Impact and Bibliometrics: Impact Analysis Tools

Information and resources for helping scholars assess and improve the impact of their research and scholarship.

ORCiD (Open Researcher and Contributor ID)

ORCID: http://orcid.org

What it does:

ORCiD is an open, non-profit, community-based effort to provide a registry of unique researcher identifiers and a transparent method of linking research activities and outputs to these identifiers. ORCID is unique in its ability to reach across disciplines, research sectors, and national boundaries and its cooperation with other identifier systems. (More info.)

 

Researcher ID

RESEARCHERID: http://www.researcherid.com

What it does:

Plays nicely with ORCID and some others sites listed here,

[Owned by Thomson Reuters,] “ResearcherID provides a solution to the author ambiguity problem within the scholarly research community. Each member is assigned a unique identifier to enable researchers to manage their publication lists, track their times cited counts and h-index, identify potential collaborators and avoid author misidentification. In addition, your ResearcherID information integrates with the Web of Knowledge and is ORCID compliant, allowing you to claim and showcase your publications from a single one [sic] account.” NB: you can also register within ORCID once you have established your ORCID account.

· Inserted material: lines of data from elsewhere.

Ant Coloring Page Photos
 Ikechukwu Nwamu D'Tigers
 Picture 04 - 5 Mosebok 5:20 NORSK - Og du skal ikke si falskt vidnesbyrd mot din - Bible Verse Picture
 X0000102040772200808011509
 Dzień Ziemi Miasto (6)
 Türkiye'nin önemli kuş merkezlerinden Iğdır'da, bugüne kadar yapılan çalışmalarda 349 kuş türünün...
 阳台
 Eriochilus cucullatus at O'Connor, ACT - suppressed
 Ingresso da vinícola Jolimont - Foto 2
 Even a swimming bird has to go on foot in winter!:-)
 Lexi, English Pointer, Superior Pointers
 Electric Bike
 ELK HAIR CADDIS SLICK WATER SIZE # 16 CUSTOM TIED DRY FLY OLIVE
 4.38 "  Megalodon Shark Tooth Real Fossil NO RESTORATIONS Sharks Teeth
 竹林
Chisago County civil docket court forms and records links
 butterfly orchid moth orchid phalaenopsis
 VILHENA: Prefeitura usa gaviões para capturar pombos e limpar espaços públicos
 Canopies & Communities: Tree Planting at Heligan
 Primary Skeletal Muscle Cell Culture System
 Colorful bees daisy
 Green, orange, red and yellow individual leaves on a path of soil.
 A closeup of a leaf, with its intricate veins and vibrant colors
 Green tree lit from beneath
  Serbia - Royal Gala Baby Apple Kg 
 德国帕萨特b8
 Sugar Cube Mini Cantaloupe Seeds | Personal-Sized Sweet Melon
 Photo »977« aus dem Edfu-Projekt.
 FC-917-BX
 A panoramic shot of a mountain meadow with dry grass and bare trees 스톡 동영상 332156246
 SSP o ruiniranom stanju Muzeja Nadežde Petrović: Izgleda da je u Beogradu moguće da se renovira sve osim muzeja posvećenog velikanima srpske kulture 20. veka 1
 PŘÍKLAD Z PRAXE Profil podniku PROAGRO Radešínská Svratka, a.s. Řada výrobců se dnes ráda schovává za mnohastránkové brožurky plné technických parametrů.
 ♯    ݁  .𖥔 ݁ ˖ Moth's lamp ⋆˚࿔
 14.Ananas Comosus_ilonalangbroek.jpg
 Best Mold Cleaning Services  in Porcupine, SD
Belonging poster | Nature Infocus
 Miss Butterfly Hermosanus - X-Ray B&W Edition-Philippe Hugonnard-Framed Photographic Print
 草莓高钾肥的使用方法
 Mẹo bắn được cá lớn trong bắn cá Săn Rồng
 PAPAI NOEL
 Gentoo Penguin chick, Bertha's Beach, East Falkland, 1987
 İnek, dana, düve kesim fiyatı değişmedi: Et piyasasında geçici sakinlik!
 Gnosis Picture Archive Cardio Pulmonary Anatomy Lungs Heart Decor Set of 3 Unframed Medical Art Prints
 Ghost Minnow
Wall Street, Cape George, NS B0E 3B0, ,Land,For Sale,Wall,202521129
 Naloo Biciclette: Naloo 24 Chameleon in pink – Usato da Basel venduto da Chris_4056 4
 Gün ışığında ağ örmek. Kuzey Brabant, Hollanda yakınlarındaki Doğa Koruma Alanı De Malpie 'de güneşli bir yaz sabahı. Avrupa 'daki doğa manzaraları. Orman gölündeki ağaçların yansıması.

  • Go to ResearcherID main page and look for option to register then “Join Now”
  • Fill out basic information.
  • Note options to add alternative names under which you’ve published or are known by.
  • On results page note your ResearcherID number and notice papers retrieved, or select option for it to retrieve your papers.
  • Notice the “exchange data with ORCiD” (on left) and the “add publications” on right middle in orange.
  • Manage your profile as well with additional information.
  • Poke around the options to see what is interesting

Google Scholar

Google Scholar: http://scholar.google.com

What it does:

Tracks web-searchable references to your published works and citations to them as well as calculates citation statistics, e.g., H-index (the number of articles H cited H times).

You must have a gmail account to use

  • To set up a Gmail account go to gmail.com and create an account.
  • Once logged into your Gmail account, proceed to http://scholar.google.com and notice the option for “My citations” or an activation option.  Click on that and follow directions.
  • Confirm papers that are yours (or are not yours)

 

Academia.edu

Academia.edu: http://www.academia.edu

What it does:

“Academia.edu is a platform for academics to share research papers. The company's mission is to accelerate the world's research. Academics use Academia.edu to share their research, monitor deep analytics around the impact of their research, and track the research of academics they follow. 3,853,925 academics have signed up to Academia.edu, adding 1,633,496 papers and 818,149 research interests. Academia.edu attracts over 5 million unique visitors a month.”

Also gives nice alerts when your work is accessed from its site.